Hot weather brings US flue-cured down

Raleigh - As flue-cured tobacco harvesting got going in earnest in July, the US Department of Agriculture projected that production of this type - the first American type to be harvested - will be 503 mn pounds, down less than 1% from the 2007 crop, but 13% above two years ago.

Planted area is 221,000 acres, 1% below a year ago, but up 4% from 2006. Yield per acre is forecast at 2,276 pounds, 17 pounds above last year, and 178 pounds above the 2006 yield.

Yields will apparently increase in Georgia and Virginia compared to last year, while staying the same in South Carolina, and decreasing in North Carolina.

North Carolina remains the leading flue-cured state, with 75% of the estimated production. NC production is forecast at 378 mn pounds, up less than 1% from the 2007 crop, with planted area of 168,000 acres up 1% from last year. Yield is forecast at 2,250 pounds per acre, down 20 pounds from 2007, because of drought conditions - with soil moisture rated 75% short to very short. But the majority of the crop was rated in fair to good condition.

In the other flue-cured states:
  • South Carolina production is forecast at 45 mn pounds, down 2% from a year ago. Planted area at 20,000 acres is 2% below 2007. Yield is forecast at 2,250 pounds, unchanged from last year. Most of the crop was rated in fair condition, but low soil moisture affected plant growth.
  • In Virginia, production is forecast at 42.5 mn pounds, up 4% from 2007. Planted area is 6% below a year ago at 17,000 acres. Yield is forecast at 2,500 pounds, 220 pounds above last year, although dry conditions since transplanting have stressed the crop considerably. Growers began irrigating at the end of June, with optimism for a good crop, which was rated in fair to good condition.
  • In Georgia, production is forecast at 37.6 mn pounds, down 5% from a year ago. Planted area is 16,000 acres, 14% below 2007. Yield per acre is forecast at 2,350 pounds, 200 above last year. While dry conditions prevailed and soil moisture was short, there was relatively little tomato spotted wilt virus. With disease pressure down, growers were expecting one of the best crops in years.
  • Florida was not included in the survey since its leaders have elected not to participate. - (Bickers)

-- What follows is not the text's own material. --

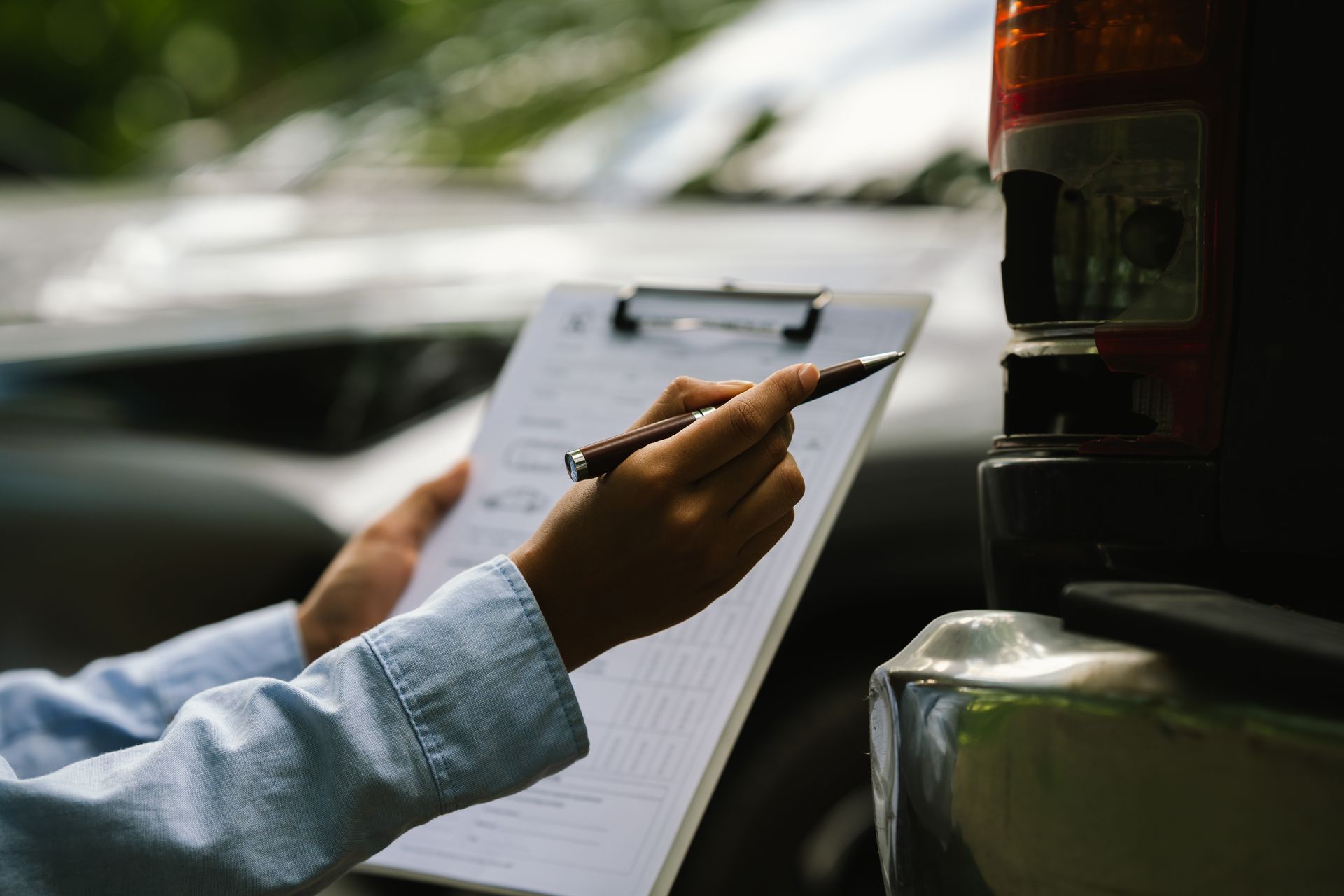 Person writing on a clipboard beside a vehicle at night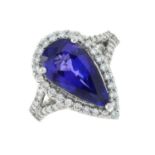 A platinum tanzanite and brilliant-cut diamond cluster ring.Tanzanite calculated weight 6.13cts,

Agreement elusive on the current crop
Tillsonburg - Once again, Canadian tobacco growers will harvest their crop uncertain of what they will be paid for it or how much they will be able to sell.

At the annual meeting of the Ontario Flue-Cured Tobacco Growers’ Marketing Board, the organization’s Chairwoman, Linda Vandendriessche of Tillsonburg ONT, said that even though harvest was only about a month away, there was still no agreement between the board and the industry.

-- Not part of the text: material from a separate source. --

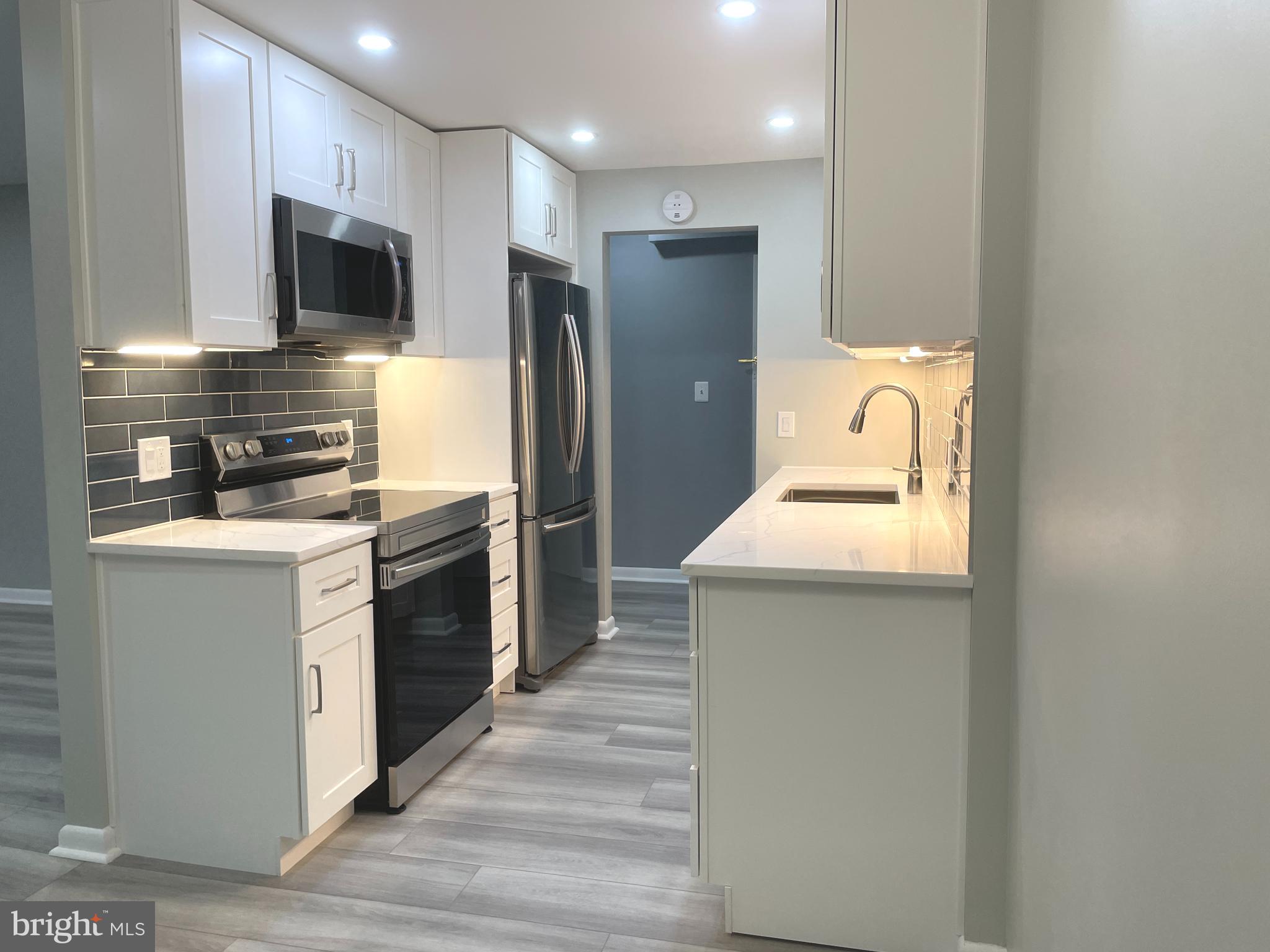 2214 Castle Rock Square, Unit 22C Reston, VA 20191 - Photo 5 of 32 View from DR to KITCHEN w/under cabinet lighting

The current offer from the industry was purchases of 17.5 mn pounds at a price of CAN$2.04 per pound, with a guarantee purchase level of 91% and minimum export sales of four mn pounds. [Note: The Canadian dollar and US dollar are in near parity.]

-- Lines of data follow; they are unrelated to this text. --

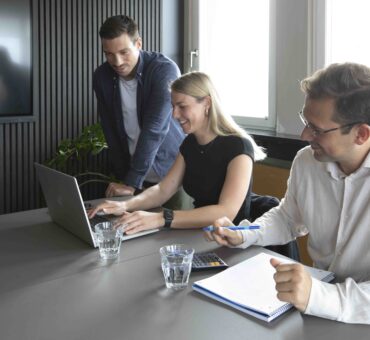 Drei Personen arbeiten gemeinsam an einem Laptop bei einem Meeting im modernen Besprechungsraum des MeetingRAUM Ingolstadt.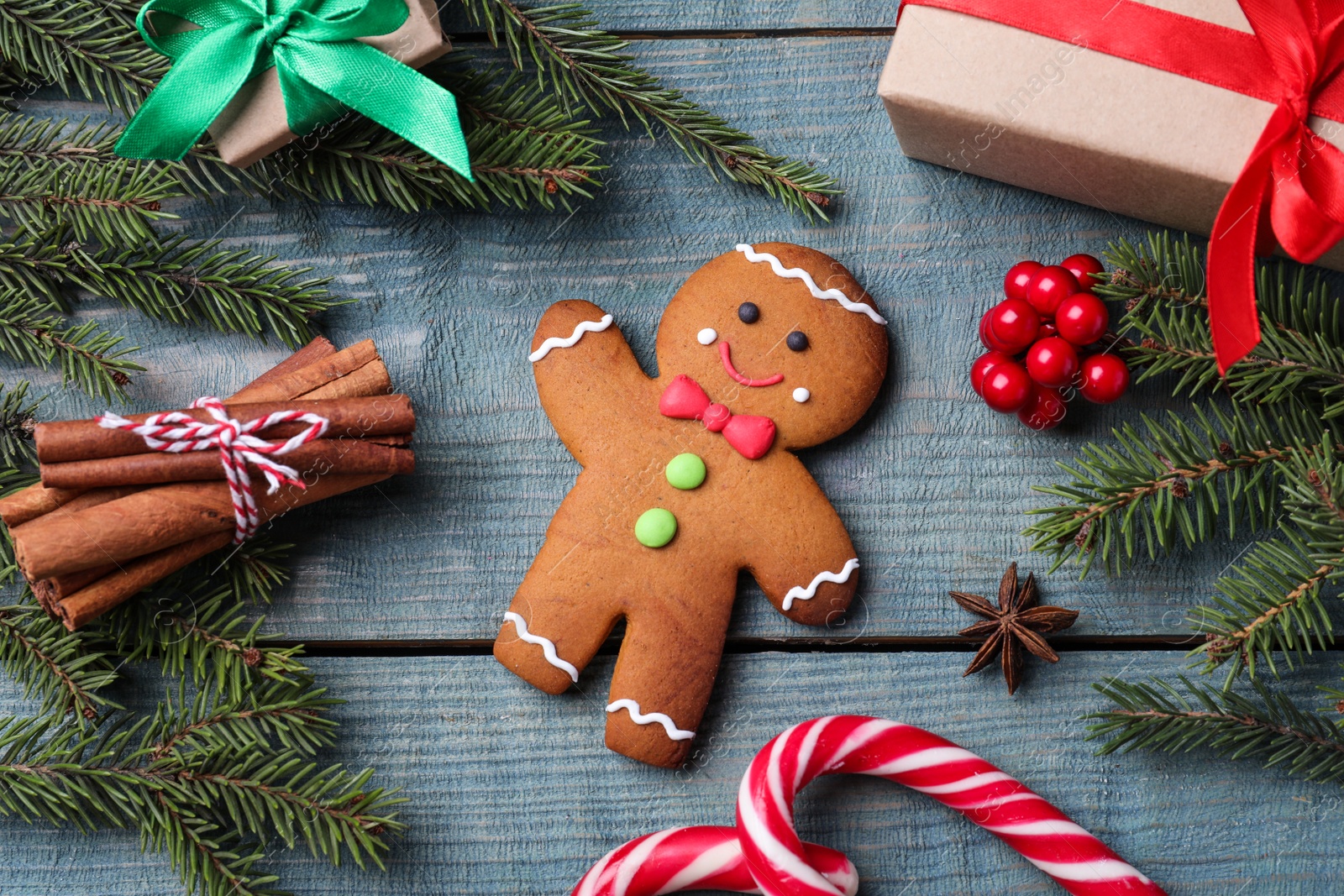 Photo of Flat lay composition with gingerbread man on blue wooden table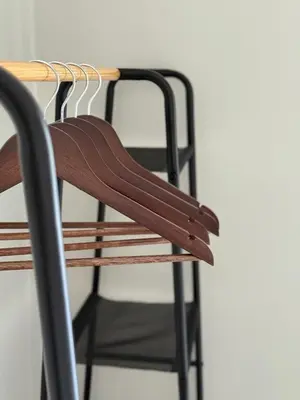 a wooden chair sitting next to a table at Acropolis Gem in Rhodes Town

This will not have satisfied any of the growers, who have planted a crop of 20 mn pounds and remembered that, just a year ago, 35 mn pounds had been purchased.

“The trade has not put anything forward that we would, in good conscience, accept,” Vandendriessche told the growers.

It’s unlikely any agreement will be signed before harvest, she said, and it is possible that crop negotiations might have to go to government arbitration.

She had one bit of good news: The 2008 crop will be sold by auction this year rather than on contract. But there was little progress to report on the board’s efforts to achieve a government buyout of quota.

And an external problem is worsening: As much as 40% of Ontario tobacco sales are now believed to be going through illegal channels.

There are now approximately 650 tobacco farmers in Canada, according to recent legislative testimony. A handful are in Quebec and one is on Prince Edward Island, but the vast majority are located in southern Ontario. Almost all grow the flue-cured type, except for a few in Ontario and Quebec who grow dark tobacco.

Transplanting had been completed at the end of the first week of June, according to a leaf house. The flue-cured crop in the field was said to be very uniform and progressing well, and the dealer increased its projection of the crop about 20 mn pounds, to over 26 mn lbs.

The leaf dealer estimated dark type production at 4.4 mn pounds, the most in five years. - (Bickers)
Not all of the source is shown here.